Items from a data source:

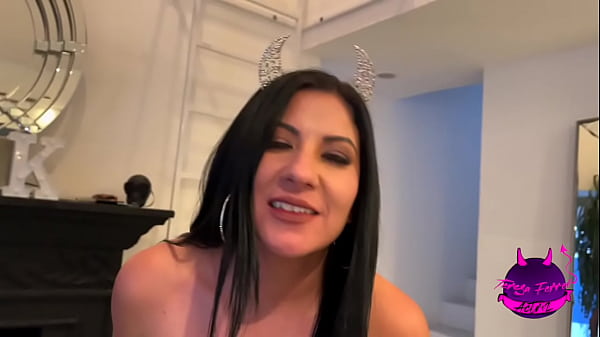 Baile Cachondo. Mom Folla Su Culo Y Se Viene A Chorros. thumbnail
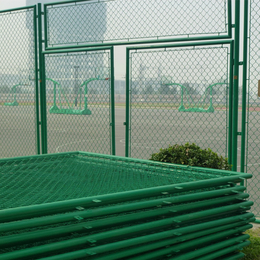产地货源 四川南通低碳钢丝体育场护栏网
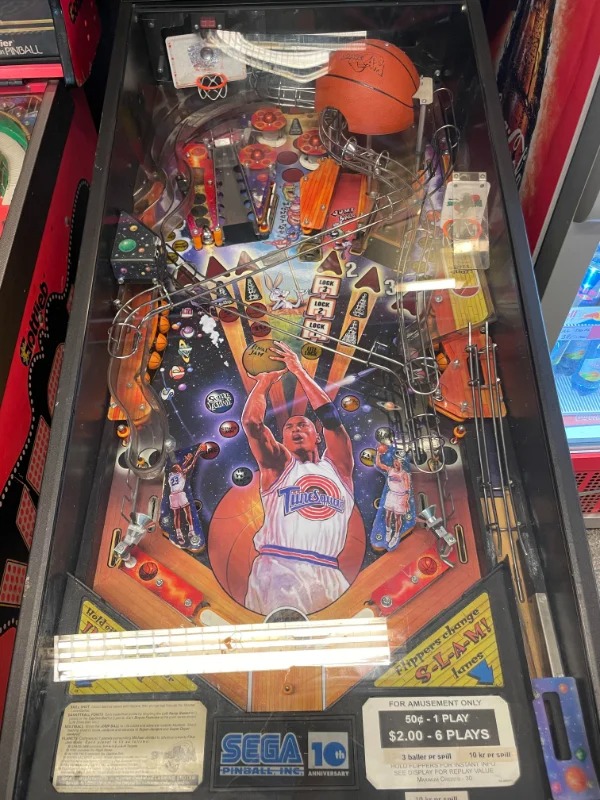 “Found this American vintage Space Jam pinball machine in a random gas station in Norway.”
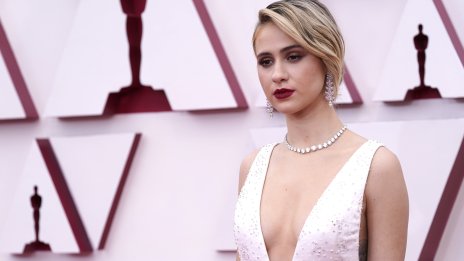 Отново у дома – Мария Бакалова на разходка в Созопол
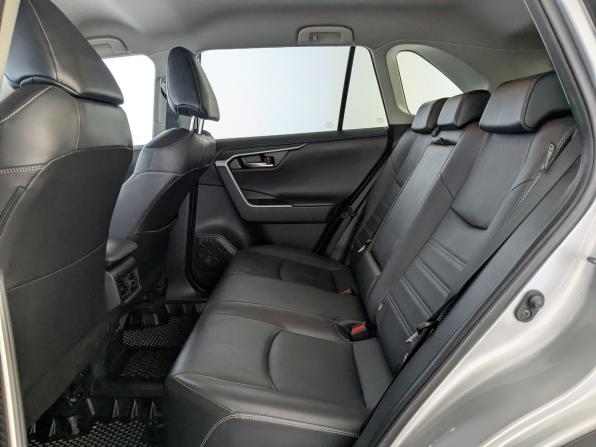 Toyota RAV4 V (XA50) с пробегом 2021 года, цена 3 350 000 рублей, 93687 км, внедорожник, Автокод Объявления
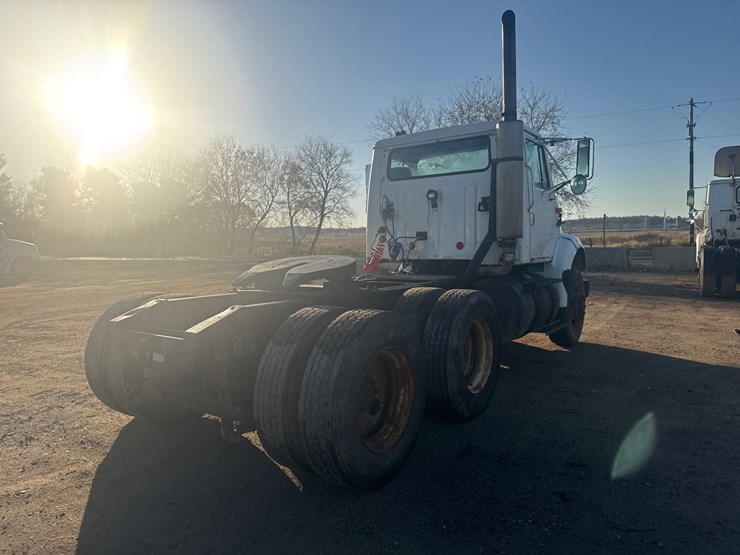 #6904-•-1996-international-8100-6x4-day-cab-semi-truck-(has-wi-title)-image-5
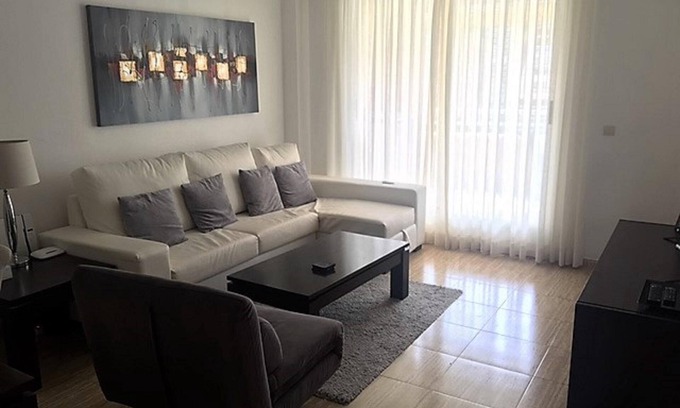 Platja de l'Arenal Apartment | Luxury apartment near Arenal beach Sleeps 6. Fully equipped. Full AirCon/Heating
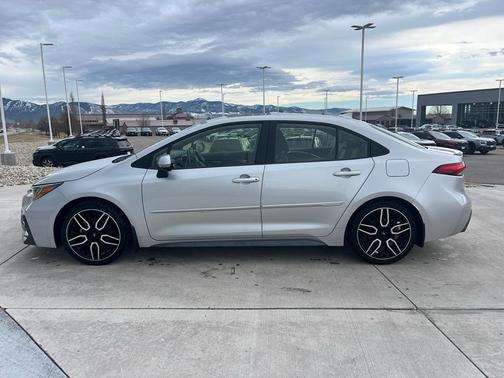 2020 Toyota Corolla XSE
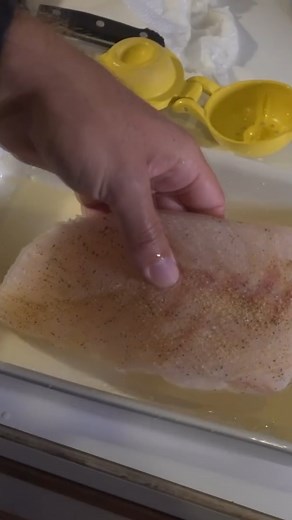 Cooking Up a Tasty Catch #catchandcook #freshfish #cookingfish #eattingfish | South Florida Fishing Channel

▸ **YOUR GOAL**
Exact output of each line above is wanted, without the pictures.

▸ **WRITTEN RESPONSE**
 Baile Cachondo. Mom Folla Su Culo Y Se Viene A Chorros. thumbnail
产地货源 四川南通低碳钢丝体育场护栏网
 “Found this American vintage Space Jam pinball machine in a random gas station in Norway.”
 Отново у дома – Мария Бакалова на разходка в Созопол
 Toyota RAV4 V (XA50) с пробегом 2021 года, цена 3 350 000 рублей, 93687 км, внедорожник, Автокод Объявления
 #6904-•-1996-international-8100-6x4-day-cab-semi-truck-(has-wi-title)-image-5
 Platja de l'Arenal Apartment | Luxury apartment near Arenal beach Sleeps 6. Fully equipped. Full AirCon/Heating
 2020 Toyota Corolla XSE
 Cooking Up a Tasty Catch #catchandcook #freshfish #cookingfish #eattingfish | South Florida Fishing Channel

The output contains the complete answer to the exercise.